In Auckland, an appreciative audience enjoyed a cleverly devised programme based around fugue, that dauntingly complex musical form that many associate with Bach. Two movements from Bach's The Art of Fugue effortlessly released the musical soul from a score originally written as something of a cerebral challenge, strikingly so when the composer references the airy and elegant French style of his day.
After a dramatic account of a late Mozart Adagio and Fugue, pitting sonorous grandeur against fugal forcefulness, it was time for talk. The group's genial violist Paul Cassidy spoke of Auckland's changing skyline and how fugue had inspired some composers to create their finest work. An illustration of this came with a Mendelssohn fugue, one of his last compositions, which glowed with a sweet blend of serenity and intensity.
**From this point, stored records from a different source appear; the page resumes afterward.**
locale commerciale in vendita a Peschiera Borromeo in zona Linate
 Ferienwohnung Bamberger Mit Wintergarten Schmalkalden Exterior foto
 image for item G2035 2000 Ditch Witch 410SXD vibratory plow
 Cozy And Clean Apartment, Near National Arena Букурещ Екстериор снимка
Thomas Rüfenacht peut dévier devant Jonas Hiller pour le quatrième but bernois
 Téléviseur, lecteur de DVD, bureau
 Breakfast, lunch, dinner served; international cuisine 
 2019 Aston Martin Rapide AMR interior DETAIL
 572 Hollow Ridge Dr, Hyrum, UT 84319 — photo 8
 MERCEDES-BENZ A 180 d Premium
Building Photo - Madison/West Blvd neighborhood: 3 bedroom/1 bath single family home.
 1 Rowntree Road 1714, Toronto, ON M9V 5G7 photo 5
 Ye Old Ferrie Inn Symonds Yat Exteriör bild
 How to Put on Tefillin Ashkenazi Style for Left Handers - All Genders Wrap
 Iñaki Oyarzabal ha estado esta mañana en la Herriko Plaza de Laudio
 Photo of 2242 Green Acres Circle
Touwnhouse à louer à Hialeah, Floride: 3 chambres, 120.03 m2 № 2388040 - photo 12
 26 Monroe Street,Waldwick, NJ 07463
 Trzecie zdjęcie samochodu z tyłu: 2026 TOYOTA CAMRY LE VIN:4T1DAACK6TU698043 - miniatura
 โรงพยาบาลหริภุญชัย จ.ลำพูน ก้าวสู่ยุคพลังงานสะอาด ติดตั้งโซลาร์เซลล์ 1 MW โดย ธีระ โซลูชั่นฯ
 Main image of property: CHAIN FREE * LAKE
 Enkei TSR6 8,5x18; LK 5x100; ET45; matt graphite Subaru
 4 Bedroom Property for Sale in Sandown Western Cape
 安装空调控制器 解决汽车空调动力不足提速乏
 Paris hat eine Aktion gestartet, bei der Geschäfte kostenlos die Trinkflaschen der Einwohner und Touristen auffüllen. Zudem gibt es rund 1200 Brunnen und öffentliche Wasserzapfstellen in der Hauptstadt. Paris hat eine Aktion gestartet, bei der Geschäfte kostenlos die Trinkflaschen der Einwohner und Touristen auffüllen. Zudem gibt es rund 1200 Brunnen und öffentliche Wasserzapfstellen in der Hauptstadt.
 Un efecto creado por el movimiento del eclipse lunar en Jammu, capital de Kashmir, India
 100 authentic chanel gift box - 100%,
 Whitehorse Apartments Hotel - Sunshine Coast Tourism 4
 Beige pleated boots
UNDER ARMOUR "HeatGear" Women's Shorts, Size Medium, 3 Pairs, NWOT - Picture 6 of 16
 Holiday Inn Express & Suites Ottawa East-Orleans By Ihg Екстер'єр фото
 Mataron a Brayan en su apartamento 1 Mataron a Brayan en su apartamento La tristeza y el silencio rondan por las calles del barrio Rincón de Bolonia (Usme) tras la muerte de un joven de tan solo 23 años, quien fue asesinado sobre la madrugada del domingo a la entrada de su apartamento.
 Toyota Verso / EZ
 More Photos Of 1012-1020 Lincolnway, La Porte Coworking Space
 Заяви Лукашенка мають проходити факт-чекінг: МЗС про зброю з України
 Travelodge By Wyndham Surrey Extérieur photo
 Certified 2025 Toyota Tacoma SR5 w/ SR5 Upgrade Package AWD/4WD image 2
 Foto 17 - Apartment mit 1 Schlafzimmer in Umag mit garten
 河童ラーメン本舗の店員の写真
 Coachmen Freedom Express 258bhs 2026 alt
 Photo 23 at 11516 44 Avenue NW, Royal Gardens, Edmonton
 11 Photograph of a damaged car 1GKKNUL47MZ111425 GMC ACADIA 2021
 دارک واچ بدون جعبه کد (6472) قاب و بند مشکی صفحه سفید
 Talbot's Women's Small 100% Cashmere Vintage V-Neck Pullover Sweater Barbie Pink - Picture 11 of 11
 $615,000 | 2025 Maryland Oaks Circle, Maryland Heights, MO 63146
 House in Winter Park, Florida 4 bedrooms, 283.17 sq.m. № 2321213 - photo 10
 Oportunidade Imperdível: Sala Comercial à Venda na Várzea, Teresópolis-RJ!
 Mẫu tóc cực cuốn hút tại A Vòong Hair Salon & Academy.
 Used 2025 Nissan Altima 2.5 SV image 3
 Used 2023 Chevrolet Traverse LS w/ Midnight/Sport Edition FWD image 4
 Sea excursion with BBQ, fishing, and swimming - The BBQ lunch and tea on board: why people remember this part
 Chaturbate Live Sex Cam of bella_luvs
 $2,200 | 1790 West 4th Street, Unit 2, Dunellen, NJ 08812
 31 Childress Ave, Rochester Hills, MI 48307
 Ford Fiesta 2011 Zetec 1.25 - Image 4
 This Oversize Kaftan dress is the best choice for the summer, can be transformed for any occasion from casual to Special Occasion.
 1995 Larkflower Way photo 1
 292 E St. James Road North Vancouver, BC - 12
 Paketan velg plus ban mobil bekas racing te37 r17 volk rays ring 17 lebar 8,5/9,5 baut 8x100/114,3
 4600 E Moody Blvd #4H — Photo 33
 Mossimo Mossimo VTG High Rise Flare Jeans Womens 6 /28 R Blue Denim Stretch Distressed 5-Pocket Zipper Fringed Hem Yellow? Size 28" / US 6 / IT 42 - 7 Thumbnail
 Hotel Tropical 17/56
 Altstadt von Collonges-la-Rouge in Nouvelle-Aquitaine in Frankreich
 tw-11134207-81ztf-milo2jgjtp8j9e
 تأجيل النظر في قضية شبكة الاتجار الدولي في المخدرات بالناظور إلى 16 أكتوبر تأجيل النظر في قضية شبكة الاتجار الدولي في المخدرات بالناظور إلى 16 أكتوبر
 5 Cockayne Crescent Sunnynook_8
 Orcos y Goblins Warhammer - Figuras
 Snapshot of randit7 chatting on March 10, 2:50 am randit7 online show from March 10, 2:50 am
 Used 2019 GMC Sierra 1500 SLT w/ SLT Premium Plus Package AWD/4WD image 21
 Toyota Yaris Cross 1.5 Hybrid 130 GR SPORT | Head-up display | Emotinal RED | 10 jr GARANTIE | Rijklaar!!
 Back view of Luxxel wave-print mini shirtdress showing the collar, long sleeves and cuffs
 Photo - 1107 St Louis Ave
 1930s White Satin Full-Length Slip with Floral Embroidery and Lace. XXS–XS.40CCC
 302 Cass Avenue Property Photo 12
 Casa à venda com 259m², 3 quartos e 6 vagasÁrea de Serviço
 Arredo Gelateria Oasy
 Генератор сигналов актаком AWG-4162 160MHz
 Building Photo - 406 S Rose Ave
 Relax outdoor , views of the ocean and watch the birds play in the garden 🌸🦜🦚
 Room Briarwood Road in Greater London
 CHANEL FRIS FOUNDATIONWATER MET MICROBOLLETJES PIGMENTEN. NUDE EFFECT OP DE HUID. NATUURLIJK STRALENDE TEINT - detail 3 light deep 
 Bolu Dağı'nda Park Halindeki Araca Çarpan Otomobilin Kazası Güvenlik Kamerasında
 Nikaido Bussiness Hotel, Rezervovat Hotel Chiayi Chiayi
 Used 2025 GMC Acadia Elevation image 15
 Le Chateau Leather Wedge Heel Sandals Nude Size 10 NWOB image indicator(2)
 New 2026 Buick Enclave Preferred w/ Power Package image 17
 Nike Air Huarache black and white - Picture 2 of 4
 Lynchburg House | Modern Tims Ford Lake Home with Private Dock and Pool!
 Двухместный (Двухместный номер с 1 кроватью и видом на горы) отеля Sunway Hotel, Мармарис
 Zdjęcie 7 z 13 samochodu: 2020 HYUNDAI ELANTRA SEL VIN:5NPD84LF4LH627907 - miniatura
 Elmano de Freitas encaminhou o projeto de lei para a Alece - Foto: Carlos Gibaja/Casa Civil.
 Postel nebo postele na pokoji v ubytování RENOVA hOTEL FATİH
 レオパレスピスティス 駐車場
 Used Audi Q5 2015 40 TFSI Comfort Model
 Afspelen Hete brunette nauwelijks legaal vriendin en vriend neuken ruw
Beethoven's great Grosse Fuge must have been an inevitable inclusion in the selection, a sprawling display of ingenuity that had grown too big to fit within the quartet for which it had been intended.
The Brodskys' new first violinist, Gina McCormack, took an impressive lead through pages of striving fury, edging from allegro to allegro molto; yet there was also a rare poetry to be heard in the immaculately modulated murmurings of a central section.